De uns anos pra cá, tenho feito o exercício de revisitar meu passado quando me convém. Recordações de infância. Lugares seguros construídos ao longo do tempo. Pessoas agradáveis. Sensações reconfortantes. Outras nem tanto.
Mas uma lembrança que gosto de buscar, principalmente quando me sinto sozinha, é a sensação que tive em um réveillon pós-pandêmico. Viajava pra Bahia. Muitas pessoas conhecidas, um grupo de Brasília fechou uma pousada de um amigo querido, e eu estava no bolo. Mas me sentia só. Tinha comprado o pacote pra viajar com meu namorado da época. O relacionamento não durou até a virada. Ele não iria. E fiquei entre indecisões se iria ou não, resolvi ir… Aflita. Já fazia uns 20 anos que eu emendava uma relação na outra e não sabia o que era estar de fato sozinha.
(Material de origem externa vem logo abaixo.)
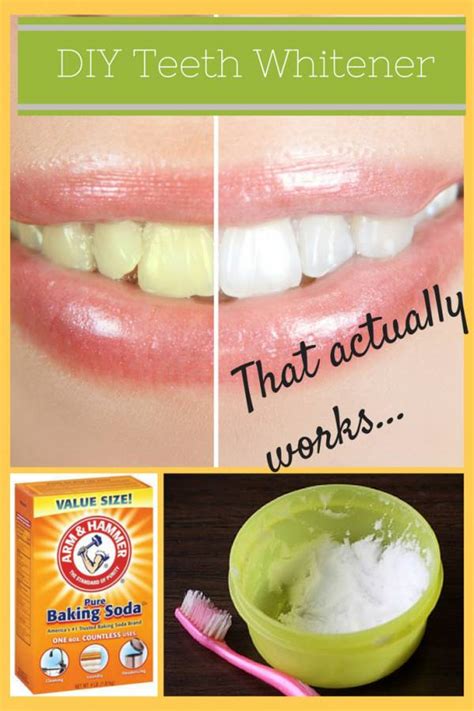 Baking Soda Toothpaste Recipe Whitening | Dandk Organizer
Fui. E, você sabe, a Bahia tem o mel… Tem o dendê. E essa mistura me mostrou o quanto era incrível estar em minha própria companhia. A sensação de liberdade, o descompromisso com a hora, a opinião que eu não precisava pedir a ninguém. A beleza da solidão. Dormir quando queria, acordar igual. Não se preocupar se o outro queria comer, o que queria comer, o que queria fazer. Era eu. Somente eu. Decidindo finalmente as minhas próprias vontades.
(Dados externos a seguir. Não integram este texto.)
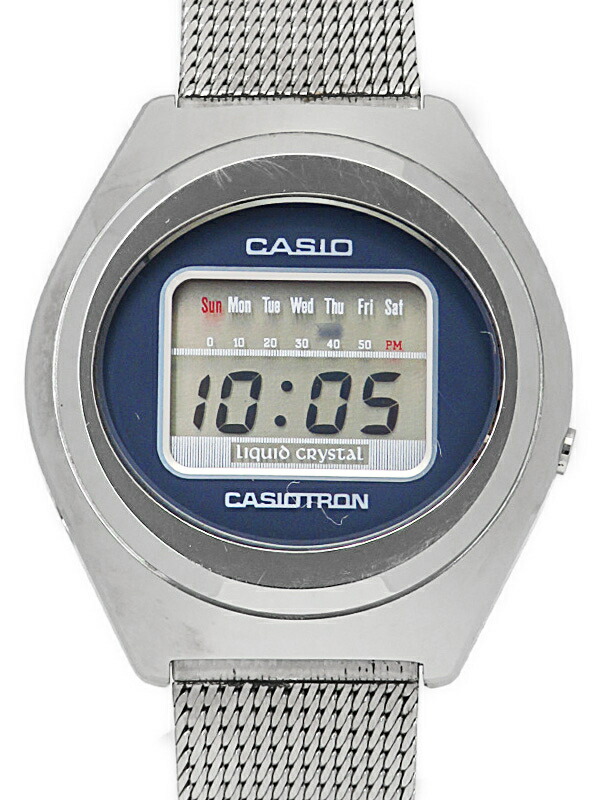 CASIO】カシオ『カシオトロン デジタルウォッチ』QW01-12S/01-501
Lembro exatamente da sensação. O dia estava amanhecendo. Estávamos inebriados de virada de ano. Me virei pro mar… e pude ver um cenário que me deixou boquiaberta. O céu estava colorido, rosa, laranja, azul, amarelo. O sol do novo ano certificava que todos os desejos foram recebidos. Caminhei sozinha até molhar os pés. Risadas e música longe. Respirei. Os olhos brilhando extasiados deixaram cair uma lágrima, que acompanhou um sorriso. “Como eu estou feliz!” Eu realmente estava feliz! Tão feliz, tão feliz, que até hoje consigo sentir essa felicidade. Lembro como se fosse hoje. Foram dias realmente incríveis.
Revisitei essa lembrança da Bahia esses dias. Há tempos não abria essa porta do passado. Ela está viva. A Sarita na Bahia, em São Paulo, Brasília, Granada, Porto, Füssen, León ou San Sebastián. Elas caminham em minha mente, me relembrando vivências importantes do quanto é prazeroso usufruir da nossa genuína vontade de viver. De viver o que gosta de viver.
Vou a esse lugar sempre que sinto que devo, mas não fico lá, porque passado é bússola, não ponto de chegada. Revejo o passado pra me nortear no presente e me guiar no futuro. Pra me lembrar do que já construí, pra ter certeza do que quero estruturar, pra perceber o que venho transformando.
Vivo por mais momentos assim. Me celebro. Me revisito. Me preencho. E me crio.